→ **DESCRIPTION OF THE TASK**: Quote the records below in full, exactly as given, with the images taken out.

→ **DATA EXTRACTS**:
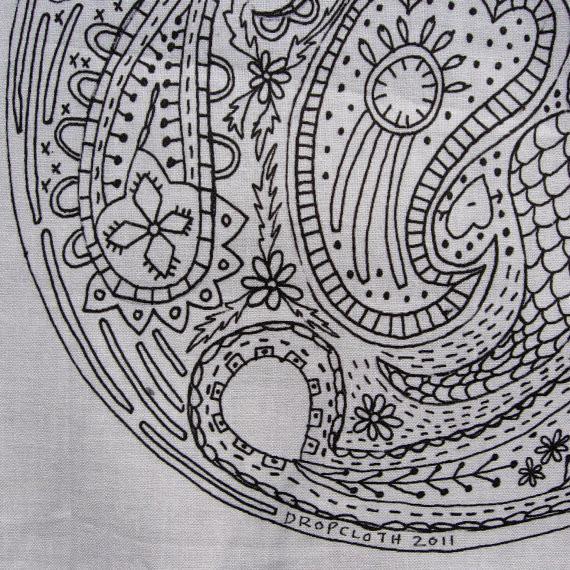 Dropcloth - Paisley Embroidery Sampler - Default - gatherhereonline.sbs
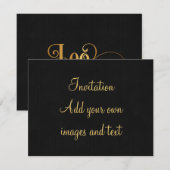 Zwematisch script Zodiac Sign Leo Gold op Black Kaart (Voorkant / Achterkant)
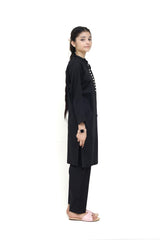 Plum 100% Lawn Black Colour with Beige buttons On 2 Pc stitched suit for Girls.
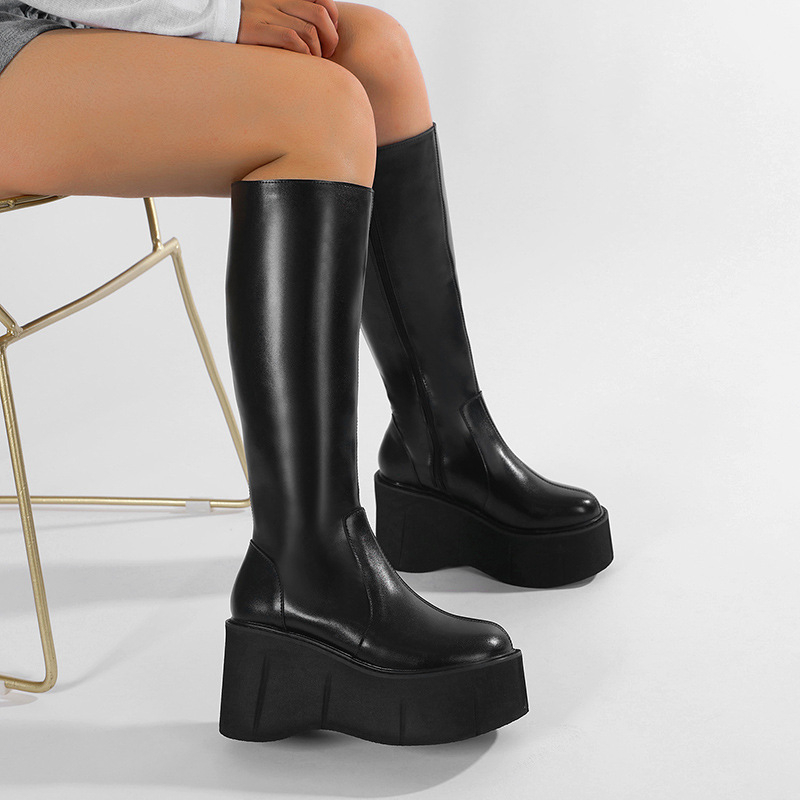 Ψηλοτάκουνες μπότες με χοντρή σόλα και τακούνι-σφήνα, μπότες muffin με χοντρή σόλα και chimney but leg back μέχρι το γόνατο, ζεστές μπότες για το φθινόπωρο και τον χειμώνα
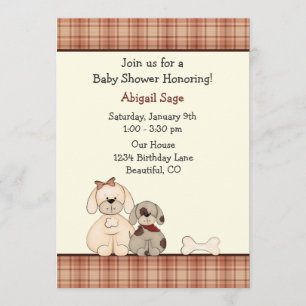 Puppy Hund Baby Shower-inbjudan för pojkar Inbjudningar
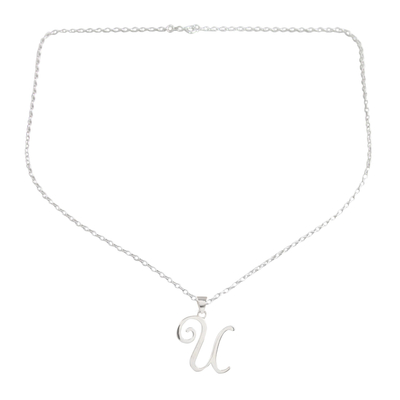 Name Initial U Sterling Silver Pendant Necklace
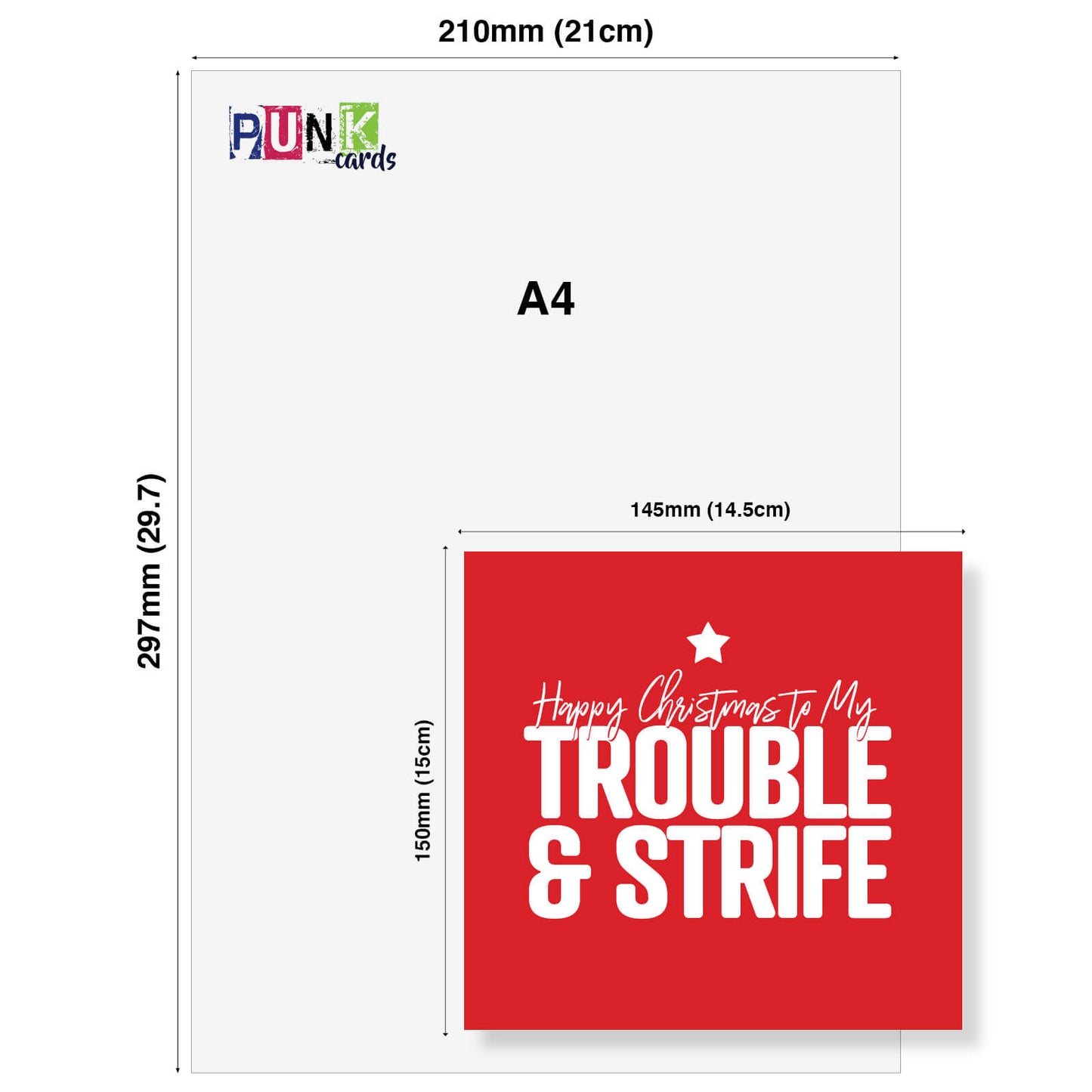 "To My Trouble & Strife" Christmas Card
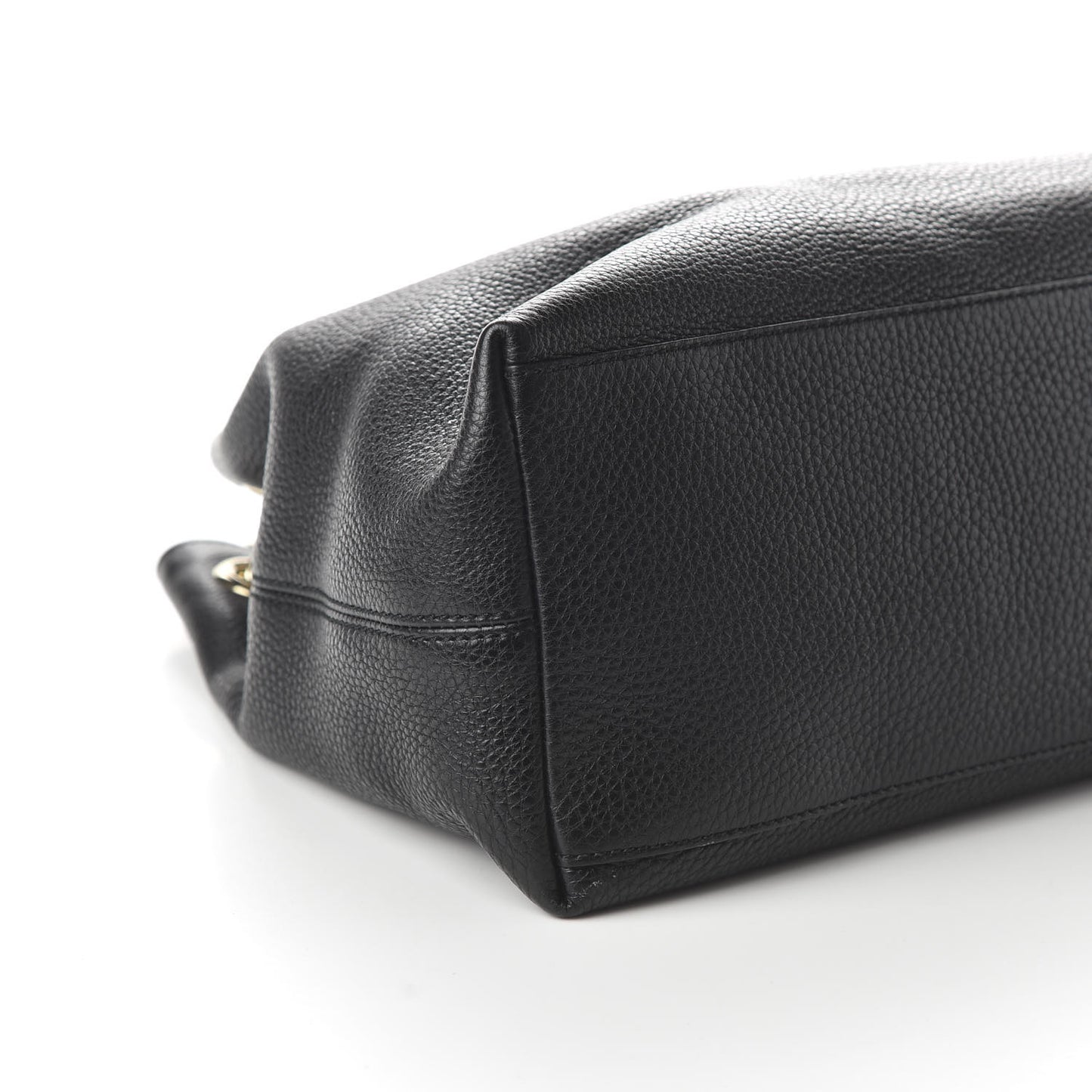 Pebbled Calfskin Medium Soho Chain Shoulder Bag Black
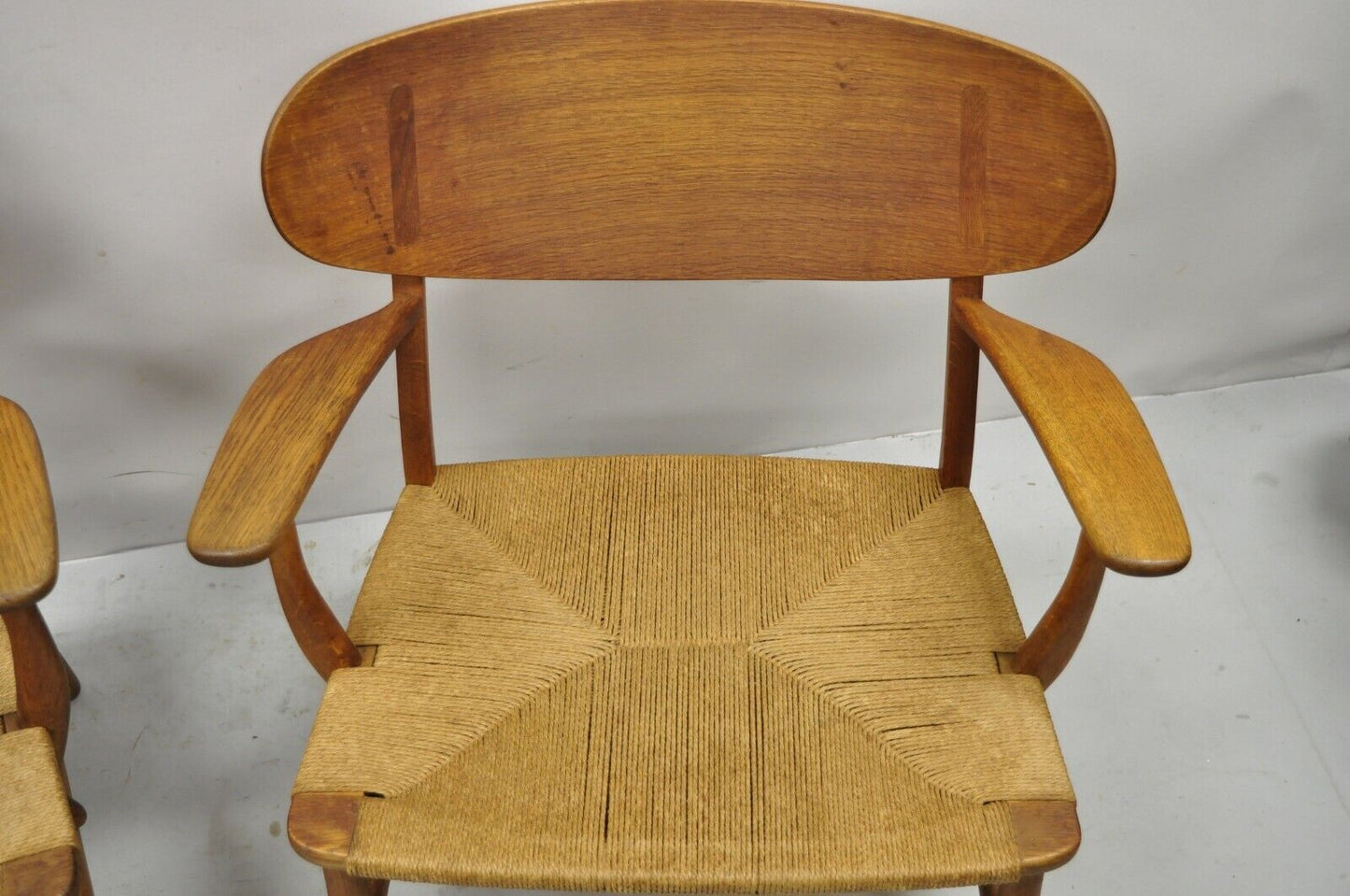 Vintage Hans Wegner CH22 Carl Hansen & Son Oak Lounge Easy Chairs MCM - a Pair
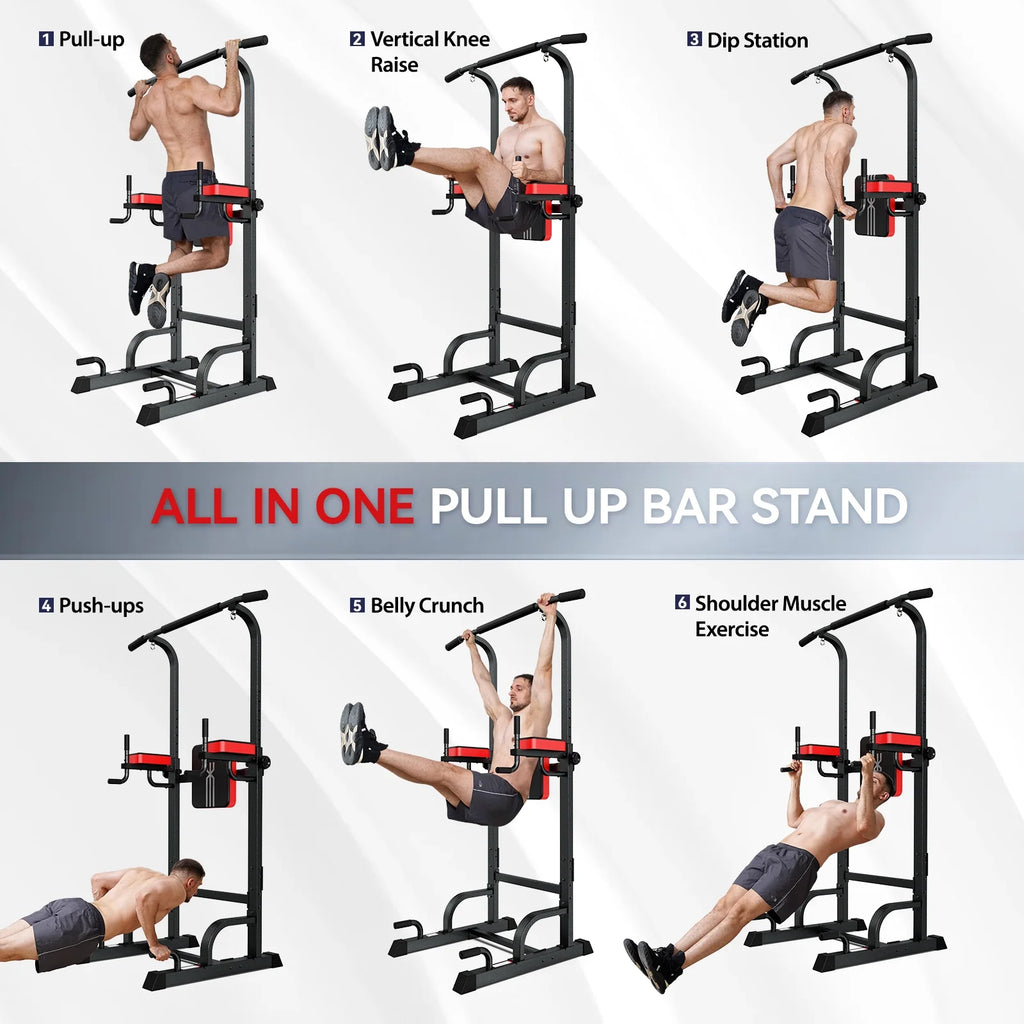 LNOW Multifunction Power Tower Pull up Bar Dip Station Power Rack with Adjustable Backrest for Home Gym Strength Training Workout Equipment Max Weight 480 lb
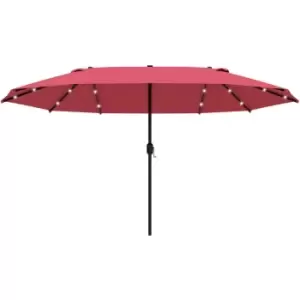 Image of 4.4m Double-Sided Sun Umbrella Patio Parasol Solar Lights Wine Red - Outsunny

→ **FINISHED TASK**:
 Dropcloth - Paisley Embroidery Sampler - Default - gatherhereonline.sbs
 Zwematisch script Zodiac Sign Leo Gold op Black Kaart (Voorkant / Achterkant)
 Plum 100% Lawn Black Colour with Beige buttons On 2 Pc stitched suit for Girls.
 Ψηλοτάκουνες μπότες με χοντρή σόλα και τακούνι-σφήνα, μπότες muffin με χοντρή σόλα και chimney but leg back μέχρι το γόνατο, ζεστές μπότες για το φθινόπωρο και τον χειμώνα
 Puppy Hund Baby Shower-inbjudan för pojkar Inbjudningar
 Name Initial U Sterling Silver Pendant Necklace
 "To My Trouble & Strife" Christmas Card
 Pebbled Calfskin Medium Soho Chain Shoulder Bag Black
 Vintage Hans Wegner CH22 Carl Hansen & Son Oak Lounge Easy Chairs MCM - a Pair
 LNOW Multifunction Power Tower Pull up Bar Dip Station Power Rack with Adjustable Backrest for Home Gym Strength Training Workout Equipment Max Weight 480 lb
 Image of 4.4m Double-Sided Sun Umbrella Patio Parasol Solar Lights Wine Red - Outsunny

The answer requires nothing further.